Meanwhile, the “user” in the present invention may also refer to an automated agent, script, playback software, or the like that operates on behalf of one or more human users.

A user may interact with the computing system (10000), which includes at least one computing device, through the user input component (1021) using inputted text, touch, voice, motion, computer vision, gesture, and/or other forms of input/output. For example, the user input component (1021) may include one or more user interface (UI) modalities such as a Command Line Interface (CLI), Graphical User Interface (GUI), Natural User Interface (NUI), voice command interface, and/or other UI representations.

One or more Application Programming Interface (API) calls may be made between the user input component (1021) and the user computing device (1010), based on user input received through a user interface and/or from a network.

Herein, the phrase “based on” may be interpreted to include instances where a particular configuration is used as a foundation, modified from, derived from, influenced by, dependent on, or otherwise originating from such configuration.

In some embodiments, the API call may be configured for a specific API and may be interpreted as, or converted into, an API call configured for a different API. In this context, the API may refer to a defined interface or connection between computers or between computer programs.

In an embodiment, the user computing device (1010) may store one or more machine learning models (1020).

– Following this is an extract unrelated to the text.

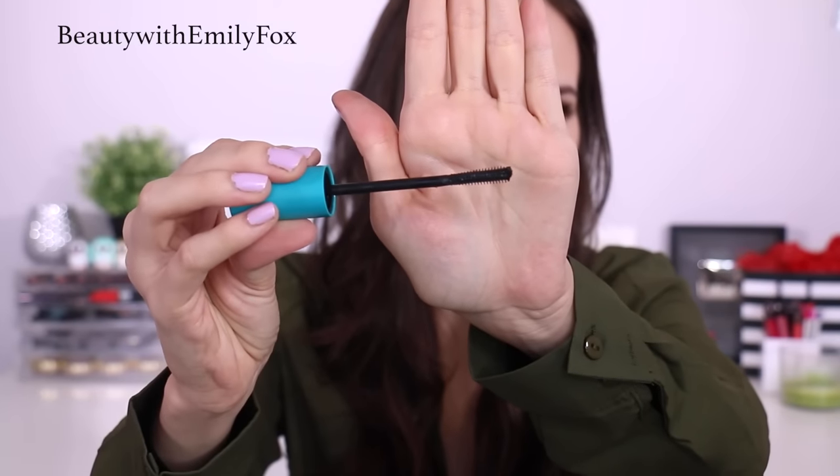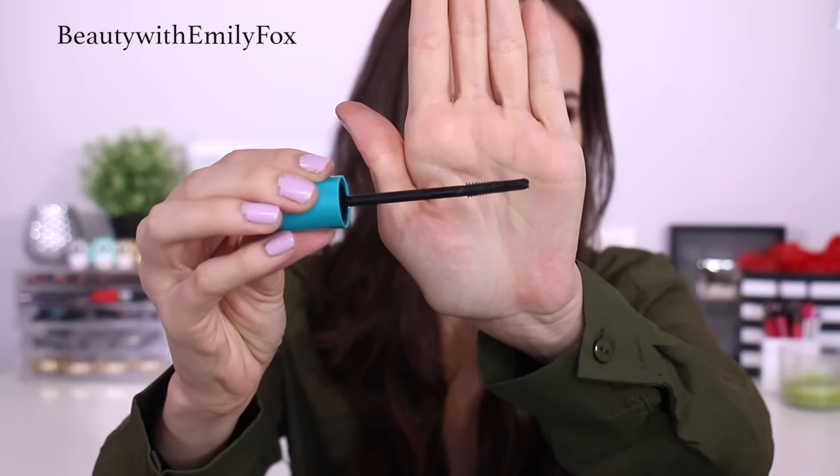A lot of you actually sent me pictures of you wearing it — by the way, my Snapchat is at Emily Fox Snaps. A lot of you were showing me that you found it. This is the brush: there are two flat sides and then two sides with bristles going longer towards the tip. It applies perfectly. I have zero complaints. It's just one of my new favorites. I've been wearing it almost every day. The only day I wasn't wearing it, I was testing out another mascara and I went right back to this one.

For example, the user computing device (1010) may include various machine learning models, such as multiple neural networks (e.g., deep neural networks) for performing fine-tuning of vision foundation models that can utilize training data containing label noise, the training data comprising input data and corresponding ground-truth labels, or other types of machine learning models including nonlinear models and/or linear models, or may be configured as a combination thereof.

According to an embodiment of the present invention, the user computing device (1010) may perform a method for fine-tuning vision foundation models that can utilize training data containing label noise by using a local and/or external machine learning model (1020). Alternatively, the user computing device (1010) may perform the method for fine-tuning vision foundation models that can utilize training data containing label noise by using a machine learning model (1040) provided by a server.

According to another embodiment of the present invention, a server computing device (1030) communicating with the user computing device (1010) may train adapter parameters for a foundation model in response to a user request received through the user computing device (1010).

According to yet another embodiment of the present invention, at least a portion of the user computing device (1010) and the server computing device (1030) may be cooperatively operated to perform a method for fine-tuning vision foundation models that can utilize training data containing label noise, thereby training adapter parameters for the foundation model.

According to various embodiments of the present invention, the user computing device (1010) and/or the server computing device (1030) may train the machine learning models (1020, 1040) used in the method for fine-tuning vision foundation models that can utilize training data containing label noise through interaction with a training computing device (1050) that is communicatively connected via the network (1070).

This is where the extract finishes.